The circumstances of the case
The facts of the case, as submitted by the applicant, may be summarised as follows.
On 18 May 2008 the applicant was arrested on suspicion of bribery.
On 21 May 2008 the Pecherskyy District Court of Kyiv ordered the applicant ’ s pre-trial detention, which was subsequently extended a number of times.
On 7 April 2010 the Leninskyy District Court of Donetsk convicted the applicant as charged and sentenced him to, inter alia , ten years ’ imprisonment.
On 6 October 2010 the Donetsk Regional Court of Appeal upheld the local court ’ s decision as to the applicant ’ s guilt and reduced the term of his imprisonment to eight years.
On 14 June 2011 the Higher Specialised Court for Civil and Criminal Matters quashed the ruling of 6 October 2010 and remitted the case to the court of appeal for reconsideration.
On 22 December 2011 the Donetsk Regional Court of Appeal quashed the sentence of 7 April 2010 and remitted the case to the trial court for fresh consideration. It also ordered the applicant ’ s further detention. No reasons for the applicant ’ s detention or a time-limit were set out in the decision of the court of appeal.

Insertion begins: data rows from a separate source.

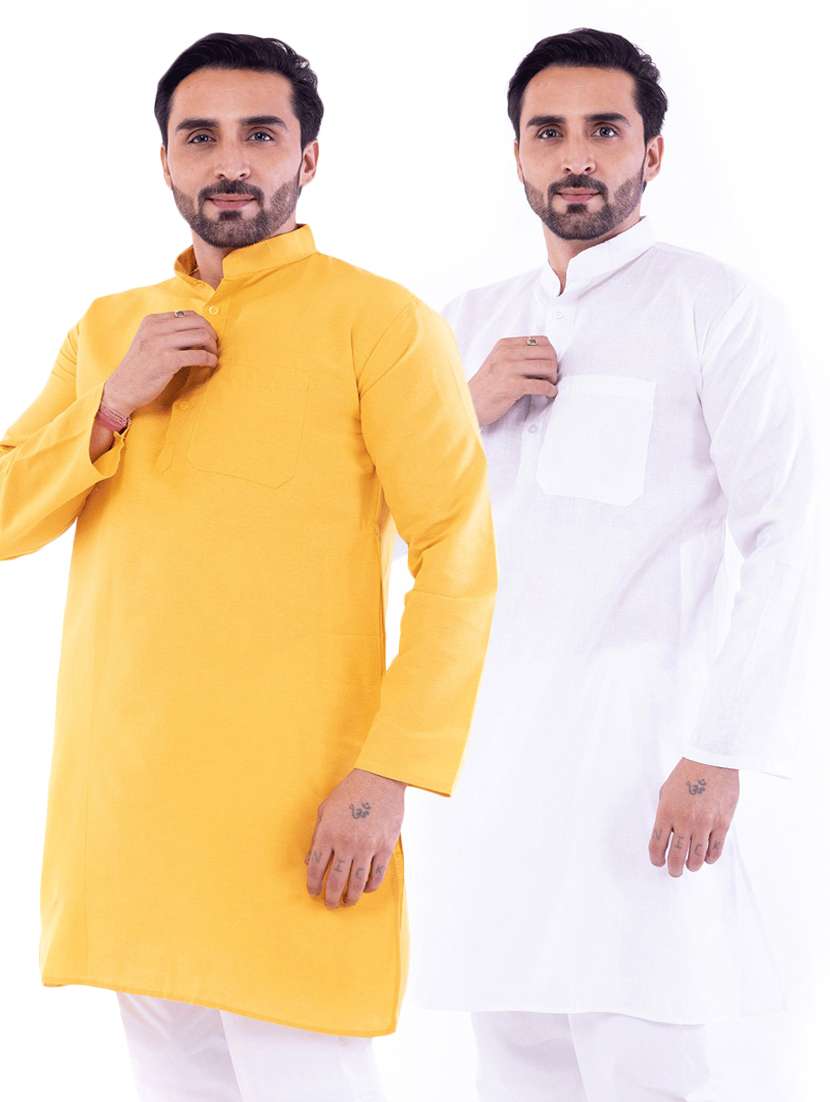 men pack of 2 solid mandarin neck kurta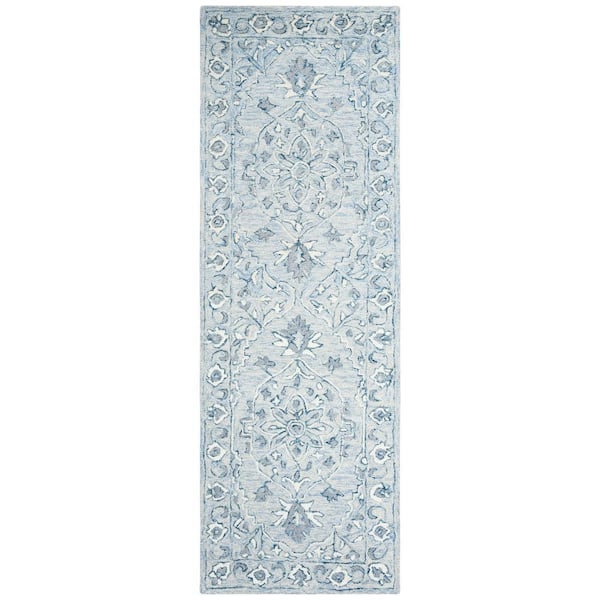 SAFAVIEH Micro-Loop Light Blue/Ivory 2 ft. x 5 ft. Floral Border Runner Rug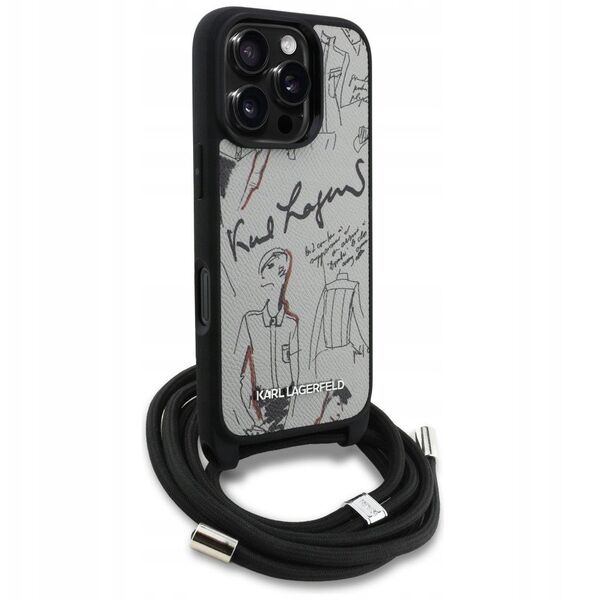 Etui Karl Lagerfeld Crossbody Grained Pattern & Logo do iPhone 16 Pro Max szary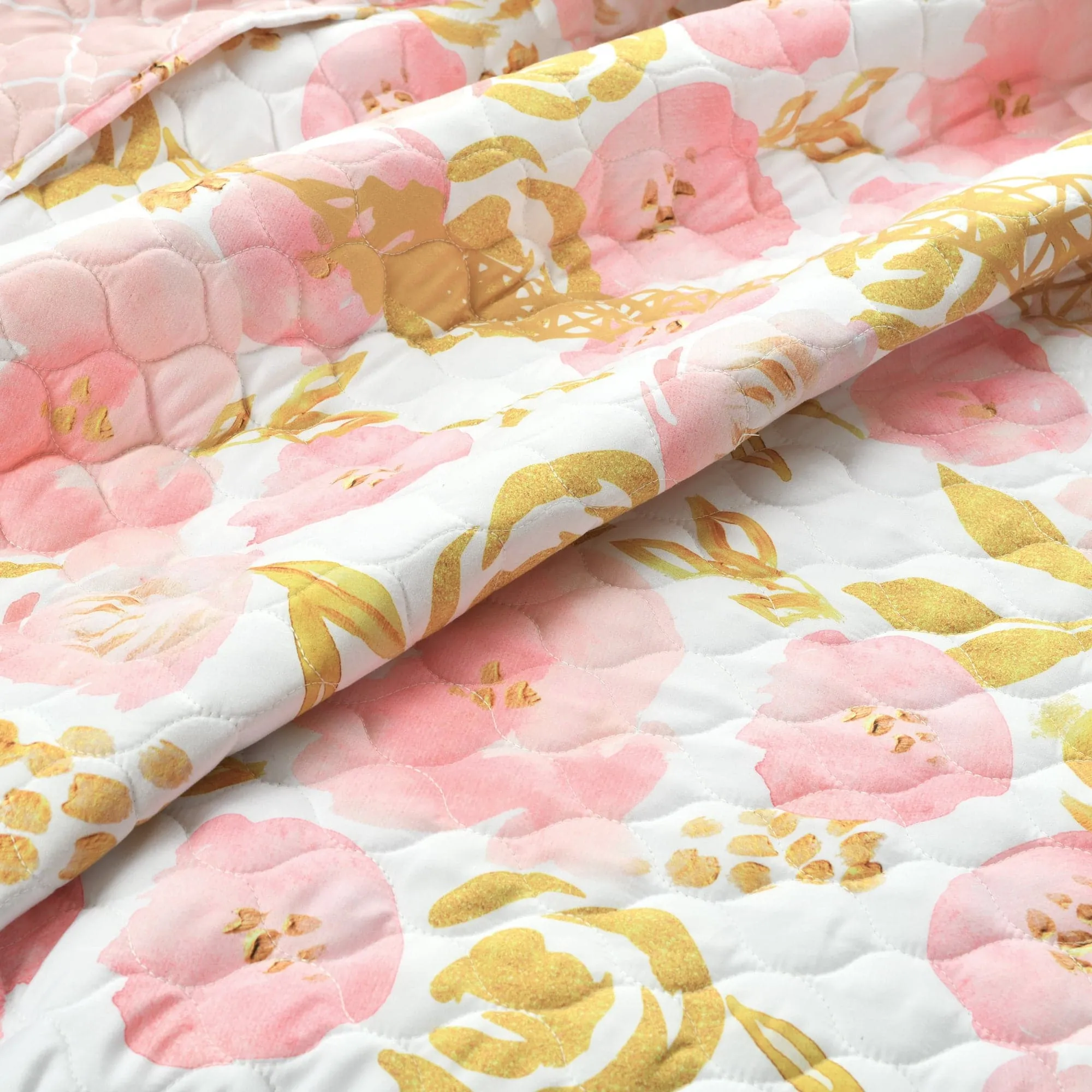 Watercolor Rose Paris Glitter Reversible Quilt Set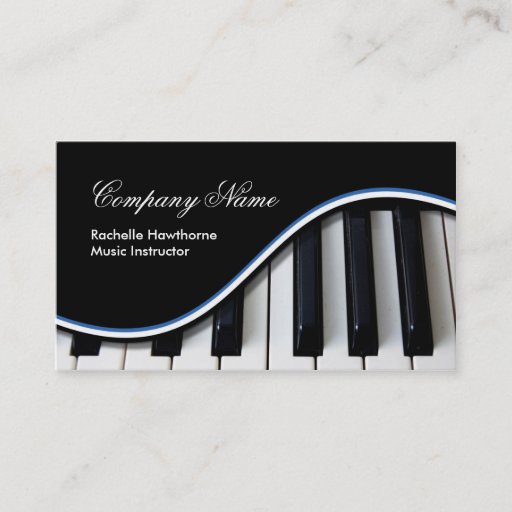 Customizable Piano Keys Music Business Cards ~ blue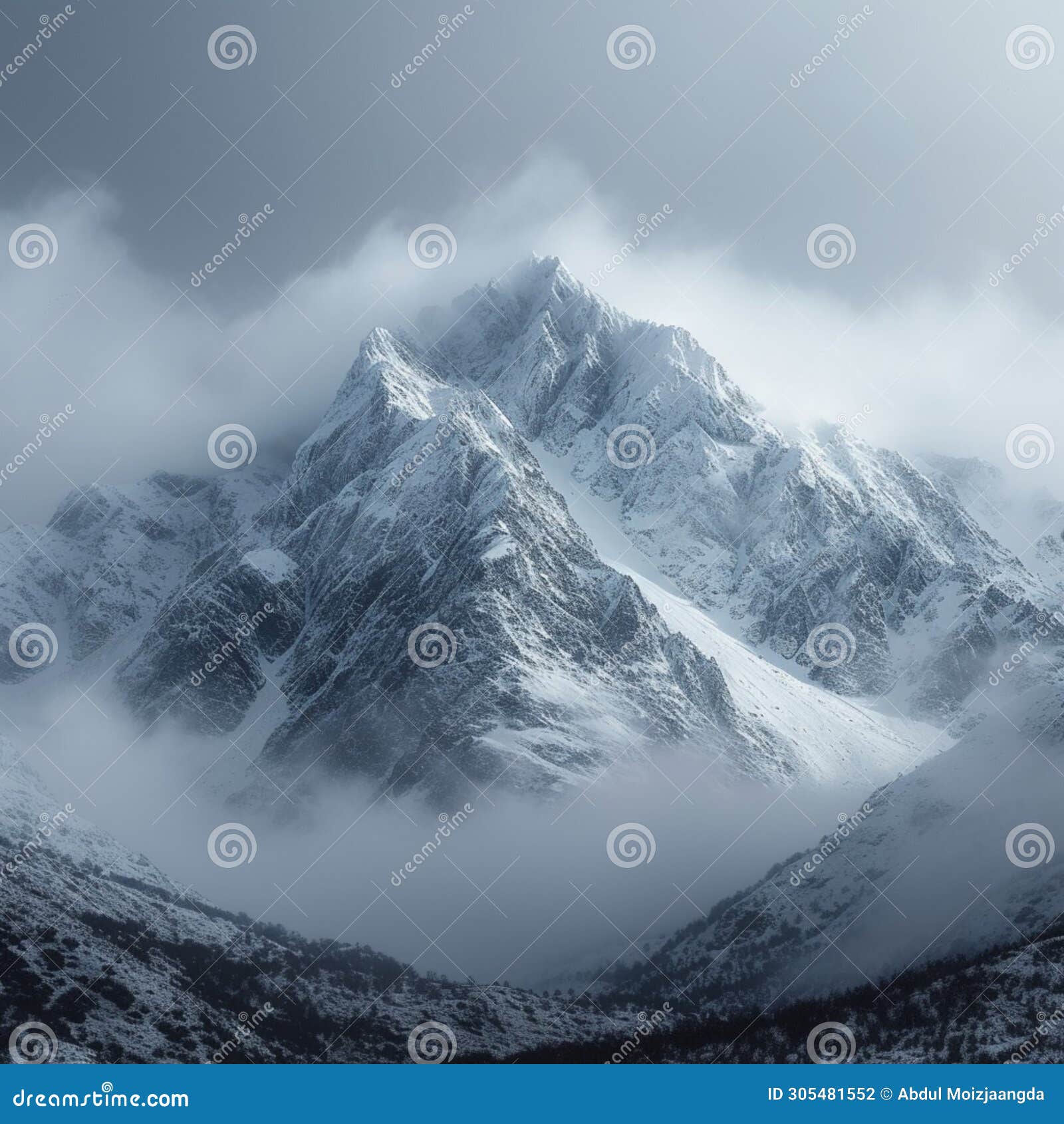 snow cloaked mountain stands tall beneath a moody, overcast sky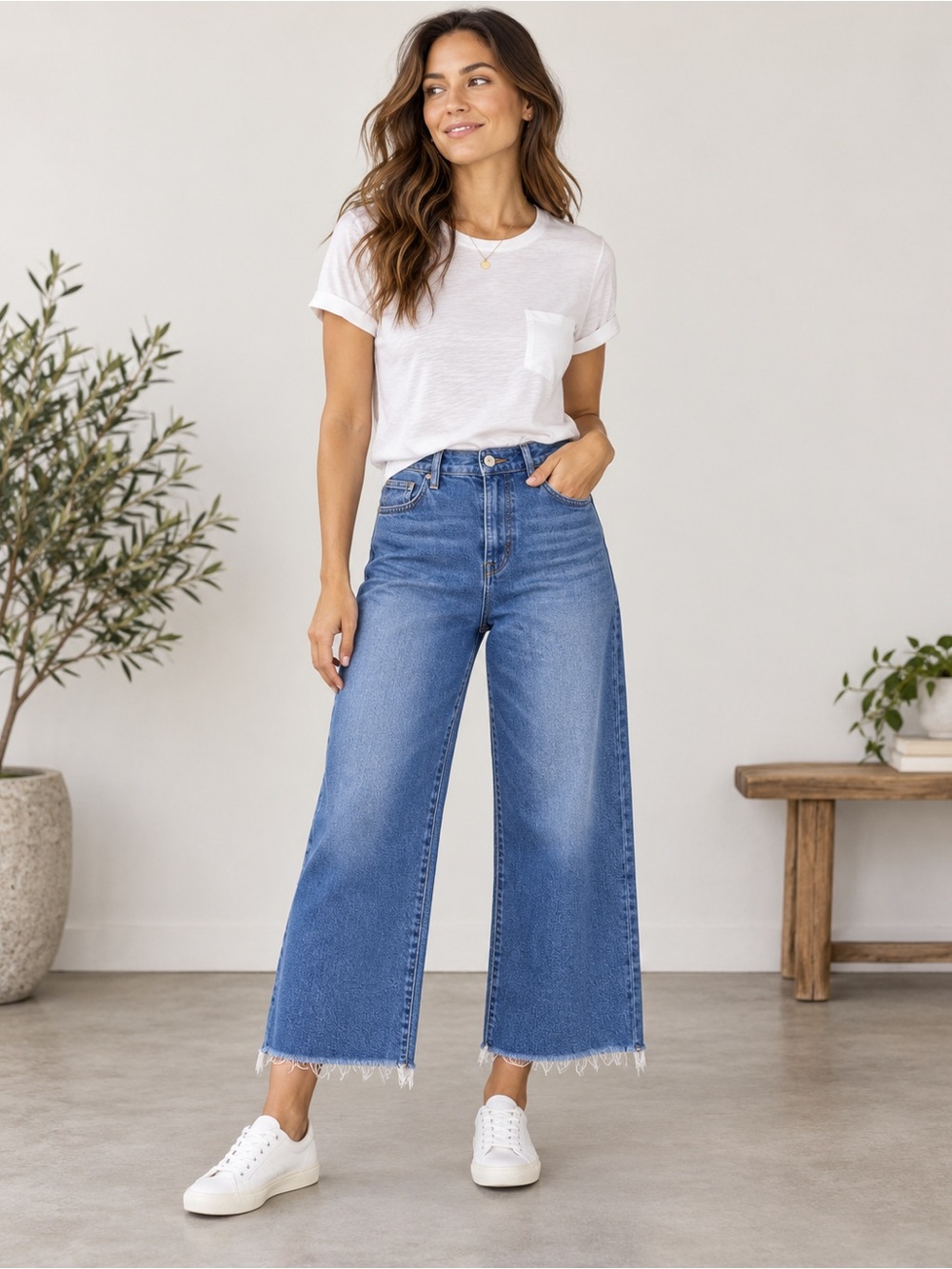 Banana Republic Premium Denim High-Rise Wide-Leg Crop Jeans 27P Petite
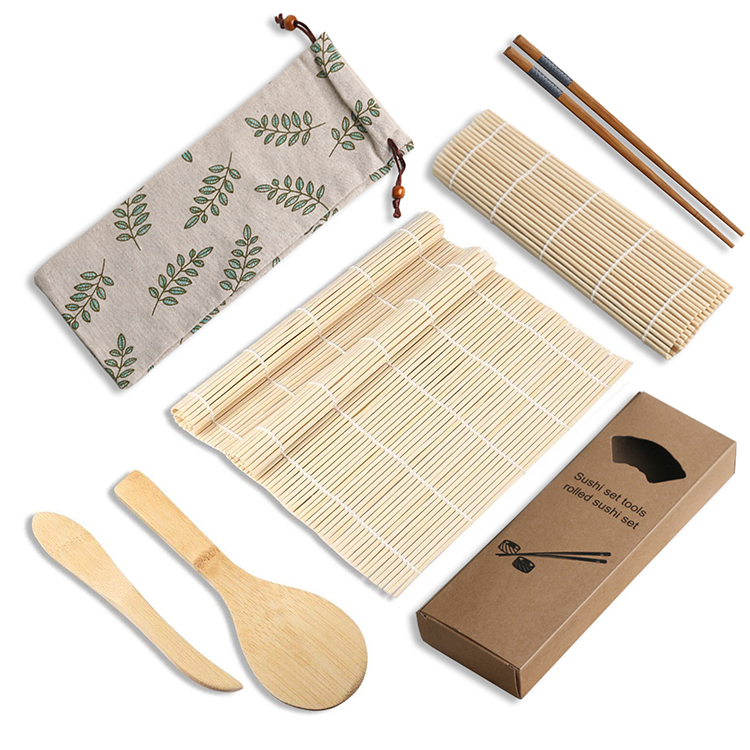 Home Kitchen 5 in 1 Bamboo Sushi Mats Rice Paddle Spreader Chopsticks Sushi Making Kit with Cloth Bag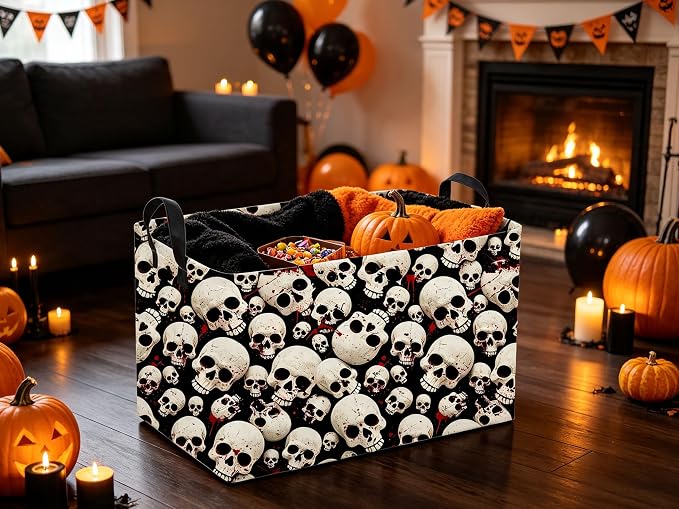 Sanjiaofeng Rectangular Gothic Skull Halloween Storage Basket,Empty Halloween Basket.Cute Baskets for Room Decor, Pumpkin Baskets with Handles.Books Bins,Gifts Box(Skull)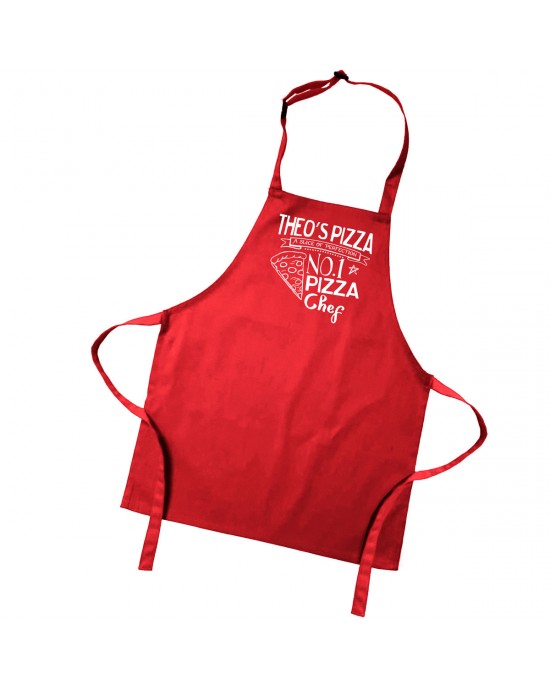 Personalised Kids Pizza Chef Children's Cooking Apron. In 4 Colour Choices 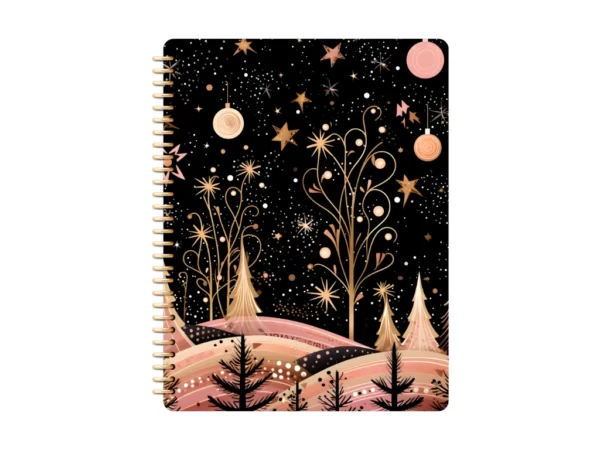 Pink and gold christmas cover of a digital notebook goodnotes notebook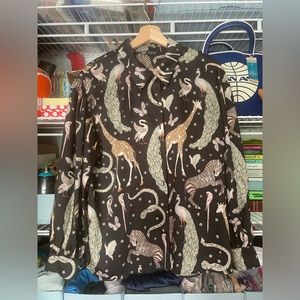 Zara Women’s button down, funky animal zoo shirt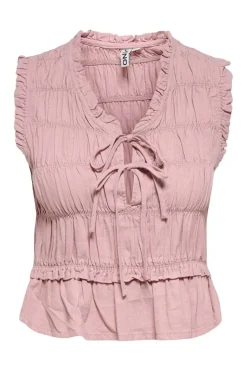 Onlgoa S/S Linen Bl Frill Top Cc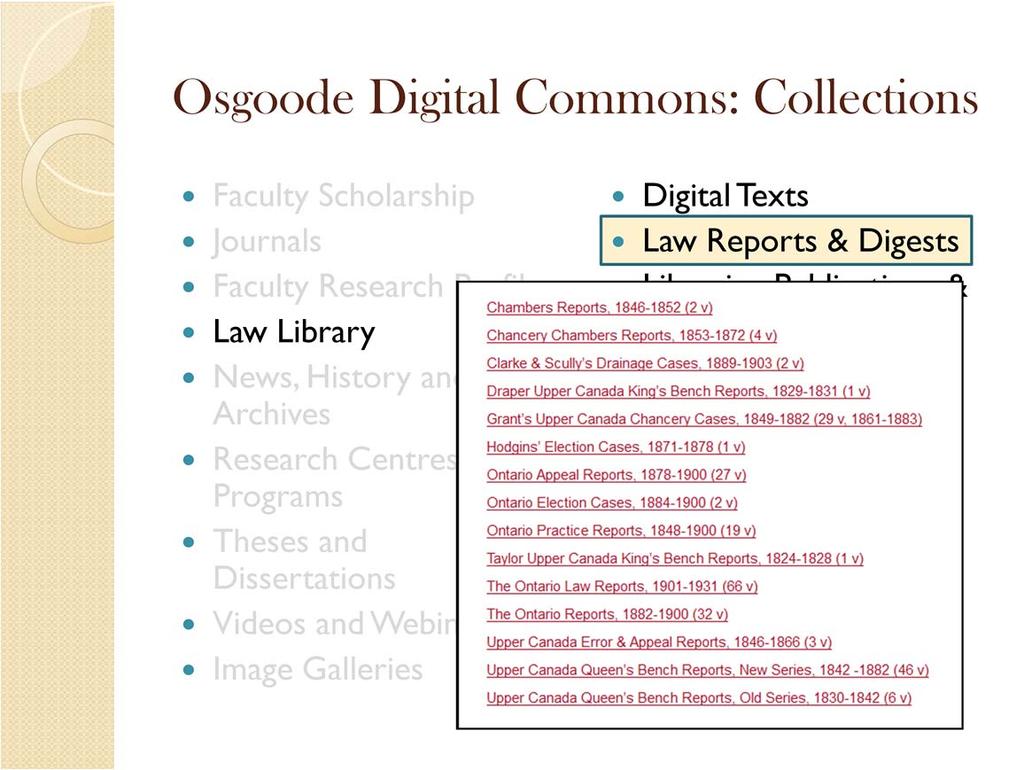Despite the sparsity of our digital text collection we have been able to digitize a number of Law
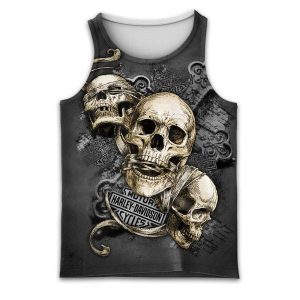 Harley Davidson Three Wise Skulls Dark Faith Hoodiej Gothic Christian Harley Davidson Motorcycle Apparel 5 tank top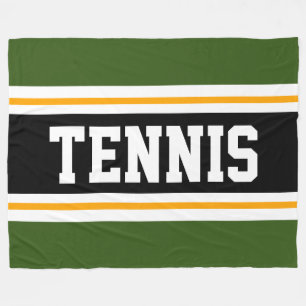 Athletic Forest Green Yellow Black TENNIS Stripes Fleece Blanket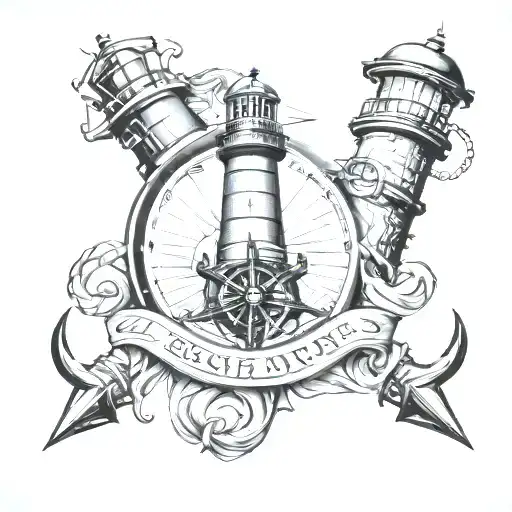 lighthouse anchor and compass tattoo design idea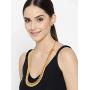 SANARA Indian Traditional Wedding Ethnic Golden Lakshmi Temple Necklace Earring Set Women South Indian Jewelry
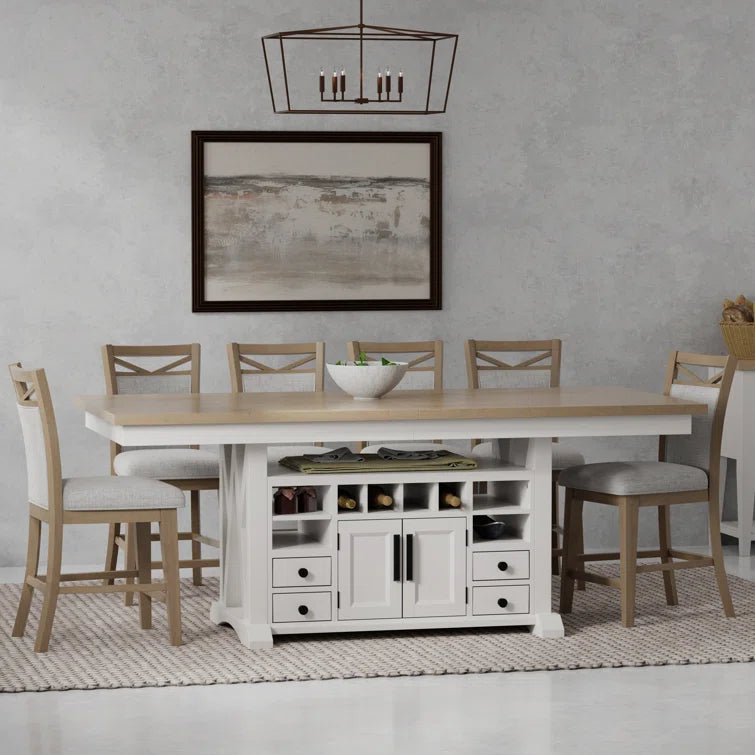 6 Seater Dining Set with Self-Storing Butterfly Leaf & Versatile Storage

In the course of the retrial the applicant asked the court to change the preventive measure preventing him from absconding on the grounds that he had been detained in breach of reasonable time requirements and had had no reason to hide from the investigation. On 20 February 2012 the Leninskyy District Court of Donetsk refused that application, having stated that there were no grounds to change the preventive measure.
On 17 December 2012 the Leninskyy District Court of Donetsk convicted the applicant as charged and sentenced him to, inter alia , ten years ’ imprisonment.
On 28 May 2013 the Donetsk Regional Court of Appeal upheld the local court ’ s decision as to the applicant ’ s guilt and reduced the term of his imprisonment to eight years.
On 11 February 2014 the Higher Specialised Court for Civil and Criminal Matters upheld, with slight amendments, the decision of the court of appeal.
COMPLAINTS
The applicant complains under Article 5 § 1 of the Convention that the Donetsk Regional Court of Appeal, when quashing the sentence of the local court and remitting the case for a retrial on 22 December 2011, failed to provide reasons for its decision authorising his detention on remand, and set no time-limit on it. The applicant further complains under Article 5 § 3 of the Convention regarding the excessive length of his pre-trial detention. Lastly , the applicant complains under Article 5 § 4 of the Convention that the trial court refused his application for release without providing sufficient reasons.
QUESTIONS TO THE PARTIES
1. Was the applicant deprived of his liberty in breach of Article 5 § 1 of the Convention? In particular, was the decision of the Donetsk Regional Court of Appeal of 22 December 2011 confirming his continued detention on remand without setting a time-limit on it compatible with the requirements of that Article ( see Kondratyev v. Ukraine , no. 5203/09, §§ 109-112 , 15 December 2011) ?
2. Was the length of the applicant ’ s pre-trial detention in breach of the “reasonable time” requirement of Article 5 § 3 of the Convention?
3. Was the procedure by which the applicant challenged the lawfulness of his detention after the completion of the pre-trial investigation in his case in conformity with the requirement of Article 5 § 4 of the Convention ( see Molodorych v. Ukraine , no. 2161/02 , § 108, 2 8 October 2010 )?